Modeling and Optimizing of Microwave-Assisted Extraction of Antioxidants and Phenolics from Wormwood (Artemisia absinthium L.) Using Response Surface Methodology

Abstract

In this study, modelling and optimizing microwave-assisted extraction (MAE) of antioxidants and phenolics from wormwood (Artemisia absinthium L.) was performed by using response surface methodology with face-centered composite design as factors of temperature, extraction time, solvent concentration, and solid-to-solvent ratio. The MAE process factors were optimized so that cupric reducing antioxidant capacity (CUPRAC) and total phenolic content (TPC) of the wormwood extract are maximized. All of the models calculated for the two responses (CUPRAC and TPC) were found significant (p<0.0001) to show the relationship between the response and independent parameters. Extraction temperature was found as the most significant operational factor in MAE. Extraction time was found is the most insignificant parameter in MAE. The data obtained by the experimental model and the predicted by the model were found to be strongly accordance. It shows the suitability of the model and its success in optimization.
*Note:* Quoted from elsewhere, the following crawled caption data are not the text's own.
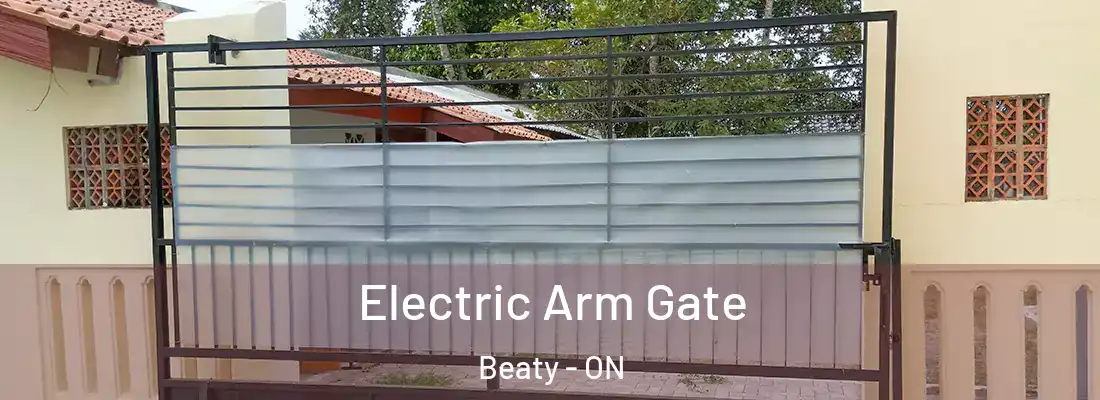  Electric Arm Gate Beaty - ON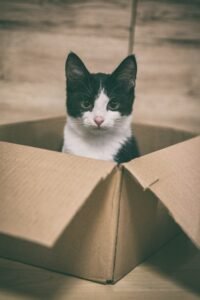 Gato explorando una caja de carton en un hogar nuevo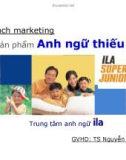 Tiểu luận: Kế hoạch marketing sản phẩm Anh ngữ thiếu nhi ILA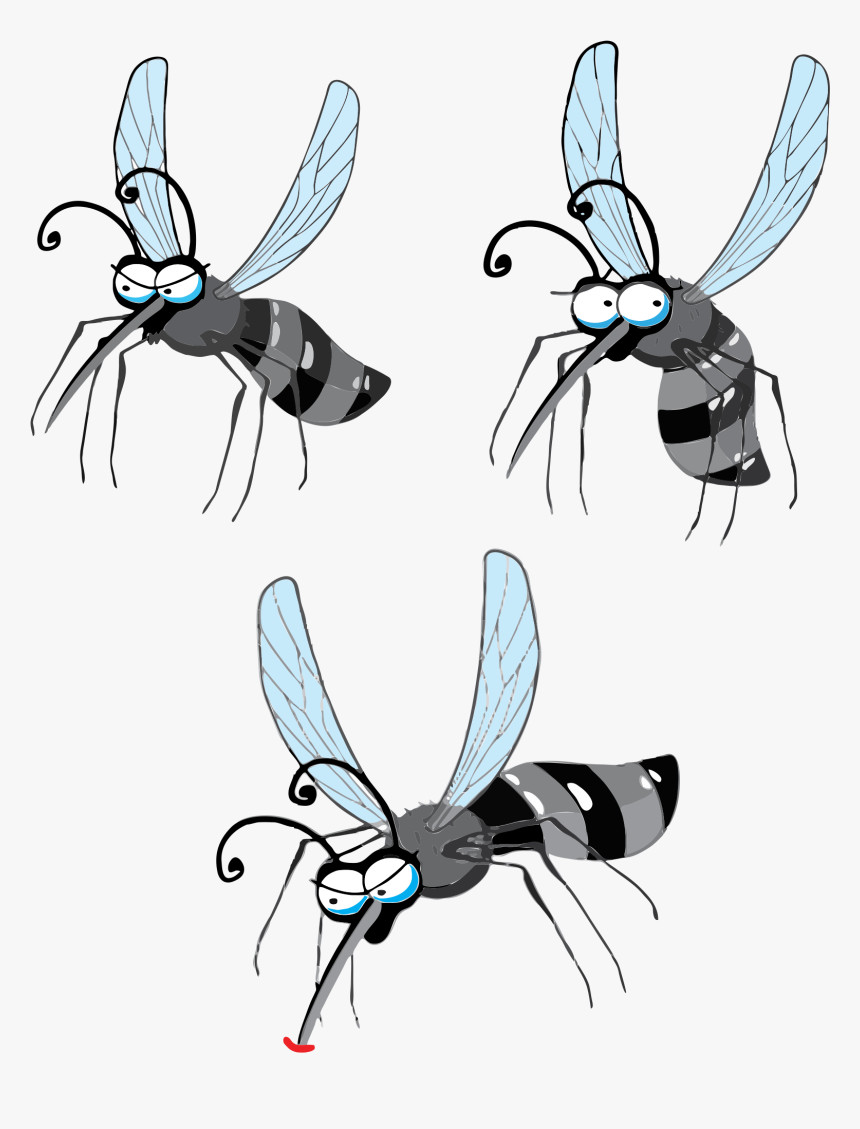 Transparent House Fly Png - Flying Mosquito Png Transparent, Png Download, Free Download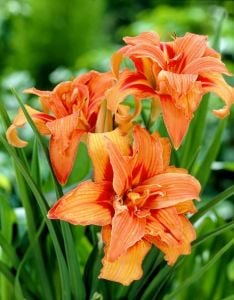 Katlı turuncu gün güzeli çiçeği ithal fulva kwanso hemerocallis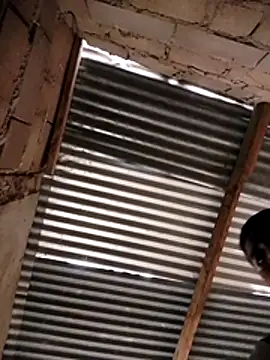 manumegumy online show from November 2025 07:25:01 PM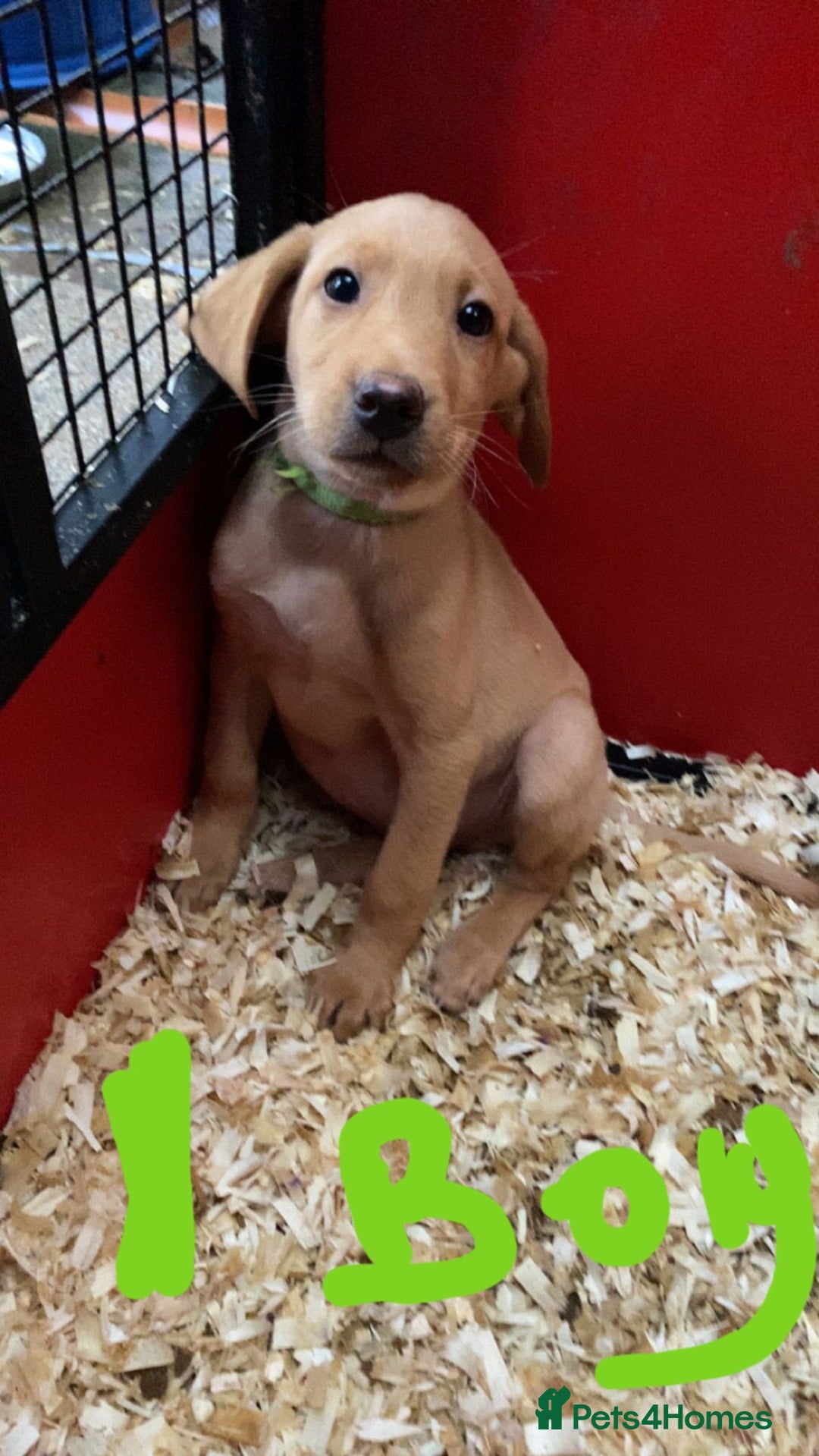 Labrador Retriever dogs for sale: Labrador Fox Red - Image 22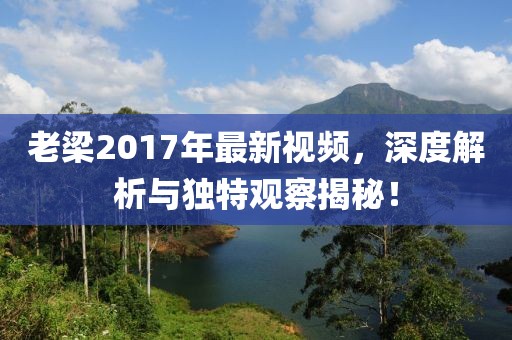 老梁2017年最新视频，深度解析与独特观察揭秘！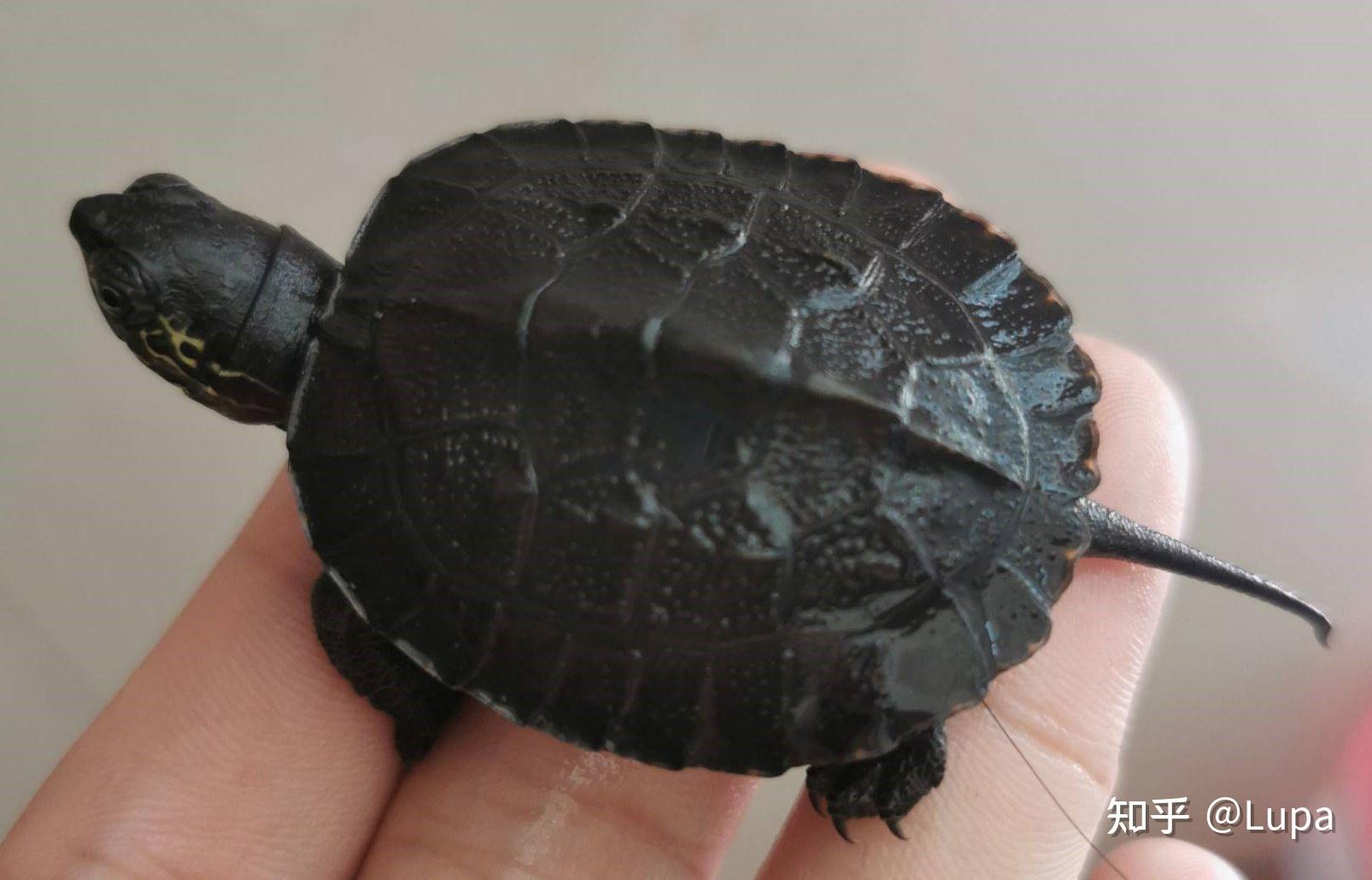 按价格排序常见观赏龟类推荐（水龟篇） - 知乎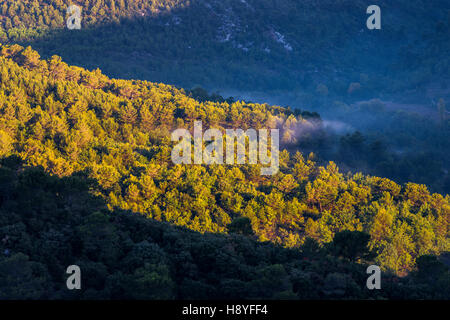 La Vallée de Nans les Pins Var Francia 83 Foto Stock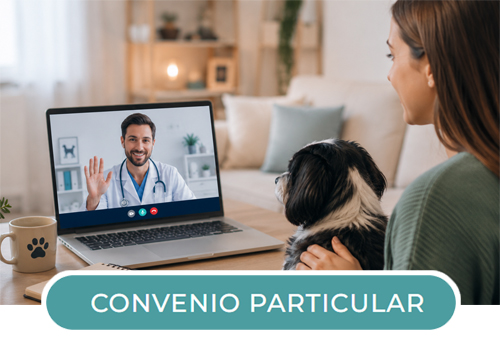 convenio-particular-boton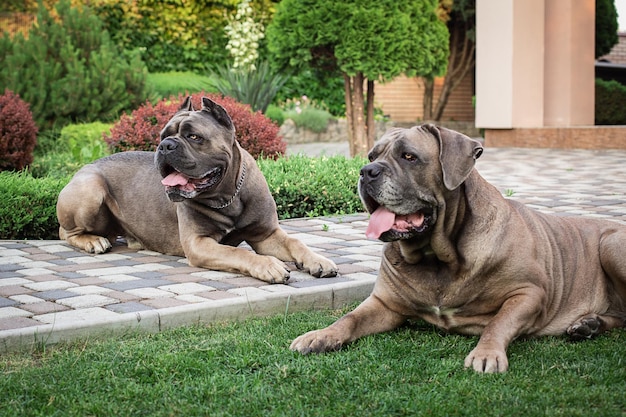 Cane corso portret twee cane corso liggen op het gazon in de open lucht grote hondenrassen italiaanse hond cane cor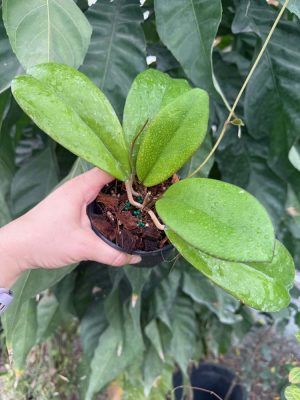 Hoya hybrid EPC-1017 x self (4" pot) - Image 2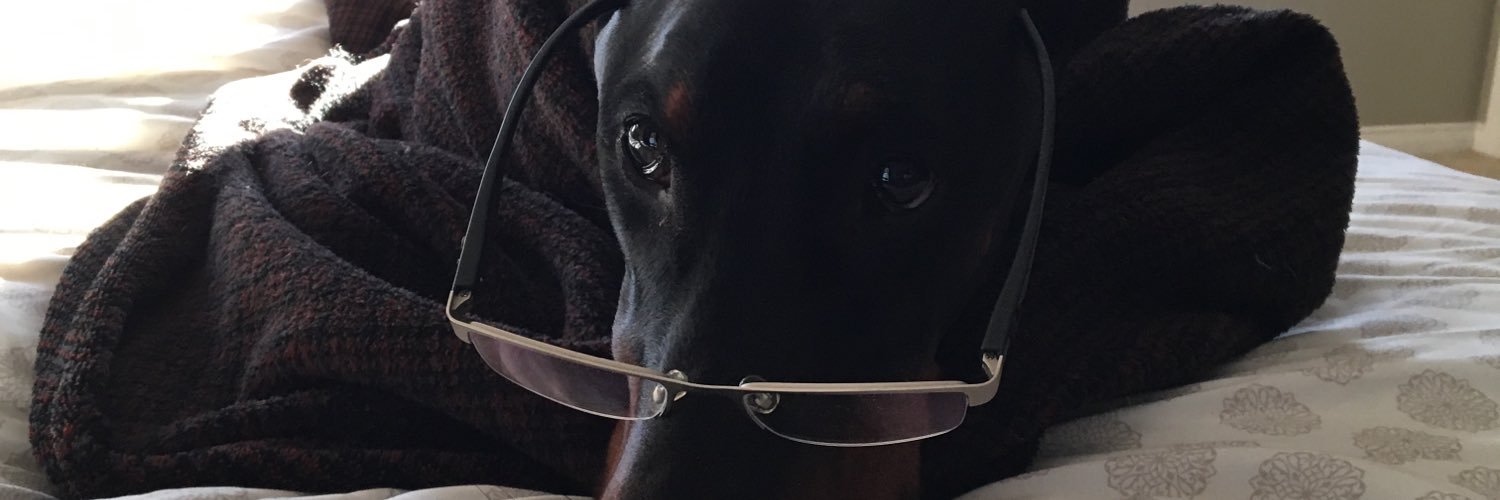 TibbettsHarry's profile banner image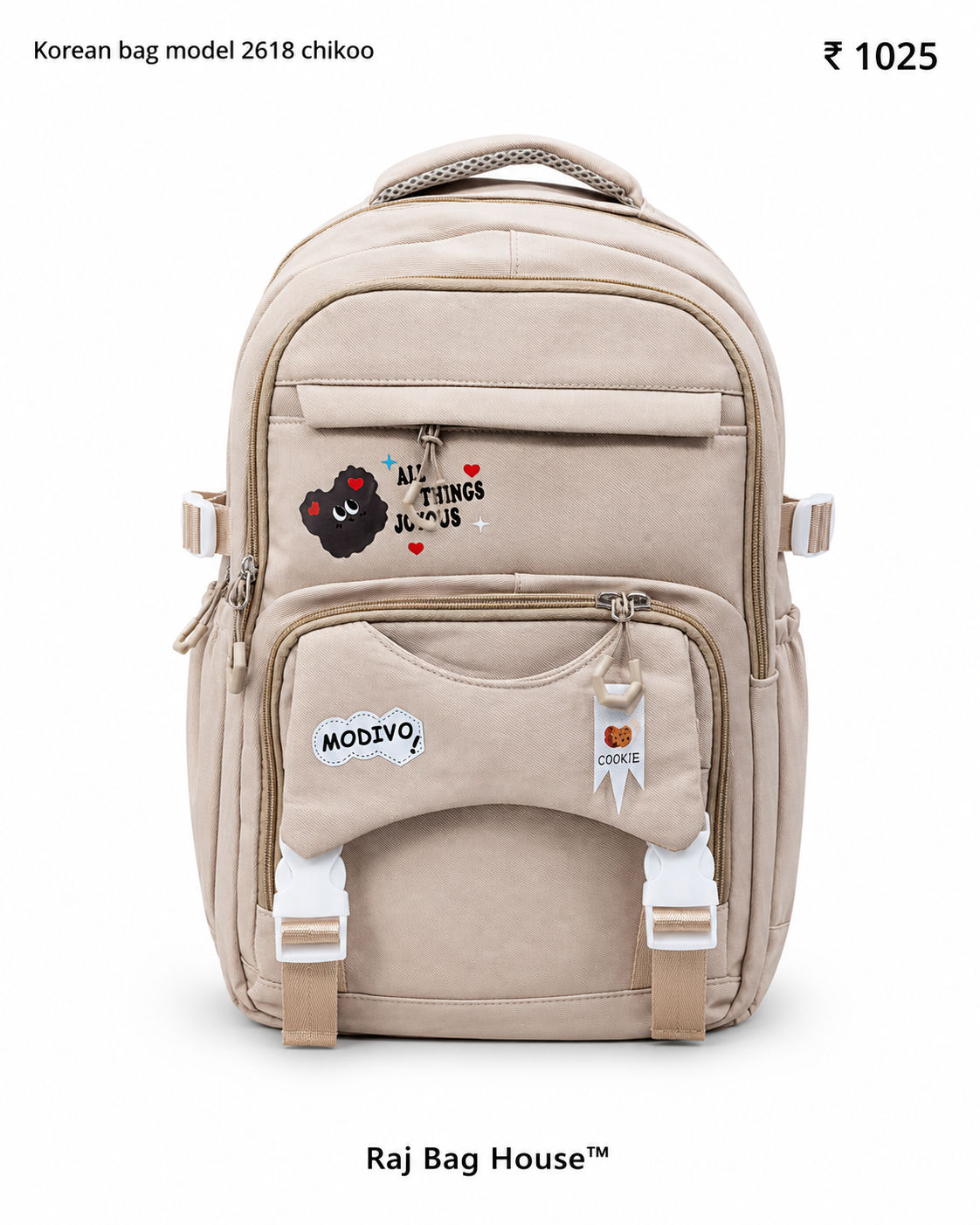 Imported Koreanbag 2618 Chikoo Backpack – Chikoo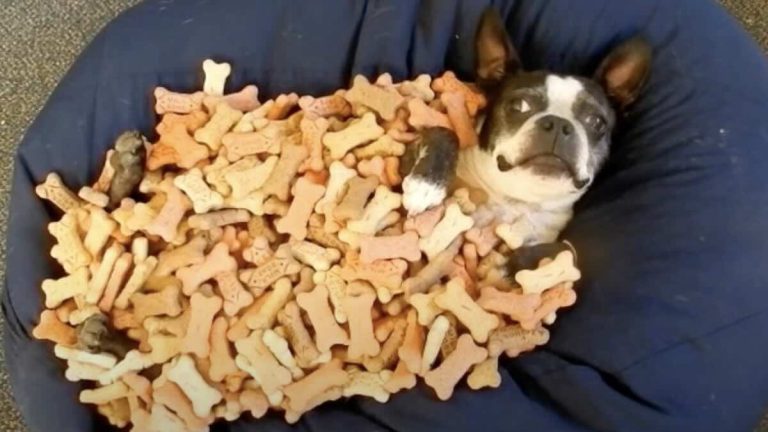 Boston Terrier lies in bed of Milk Bones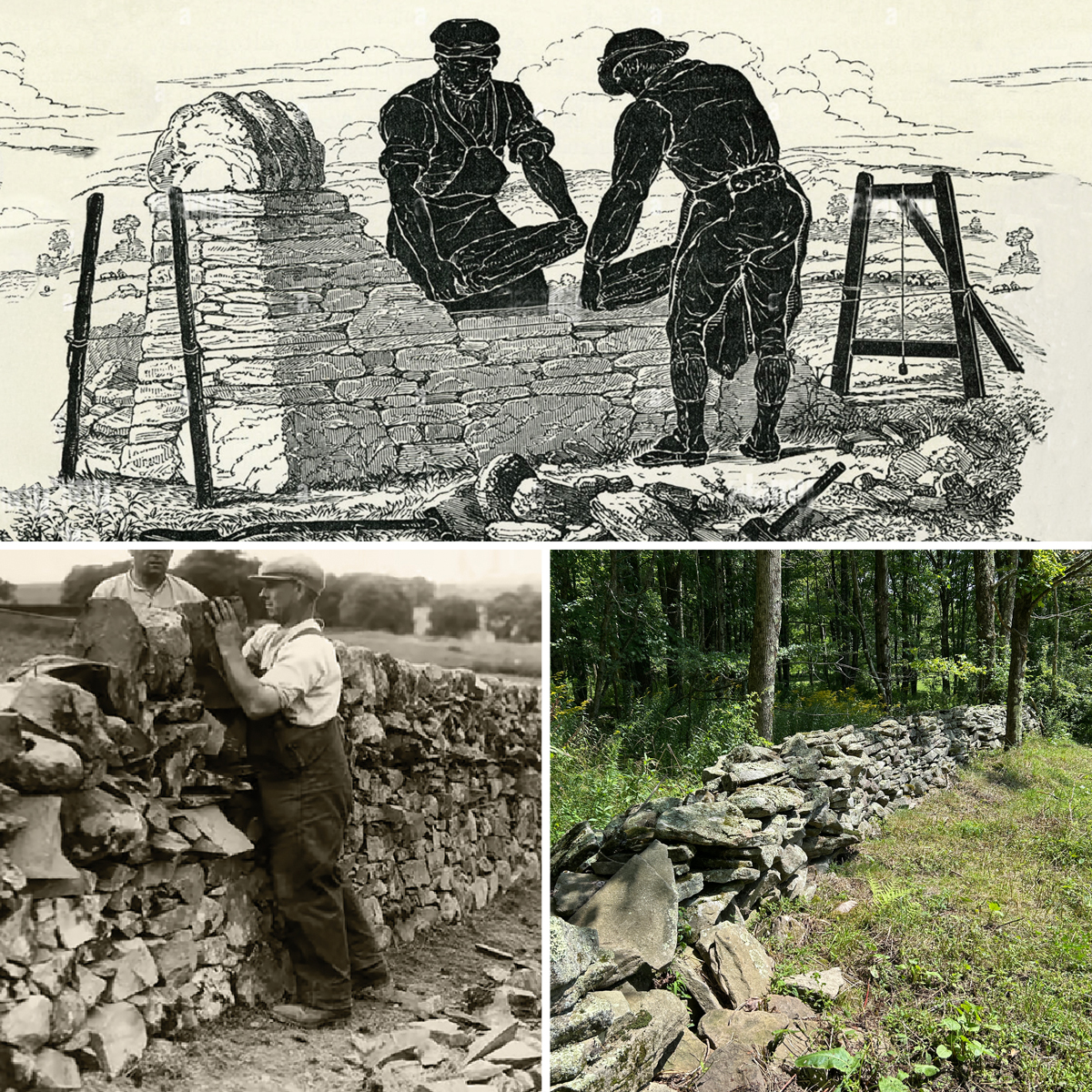 A drawing of two men building a stone wall and two photos of similar stone walls, one with a man working and another showing a finished wall in a forested area.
The CUPRAC and TPC yields were obtained as 1.22 and 1.42 mmol TR/g-dried sample under the optimum operational conditions of MAE. According to the CUPRAC and TPC values, under the same operational conditions, MAE method was found to be approximately two times more efficient than classical heat extraction. As a result, the modeled methodology can be applied to the extraction of antioxidant and phenolics from the wormwood in the natural product industry.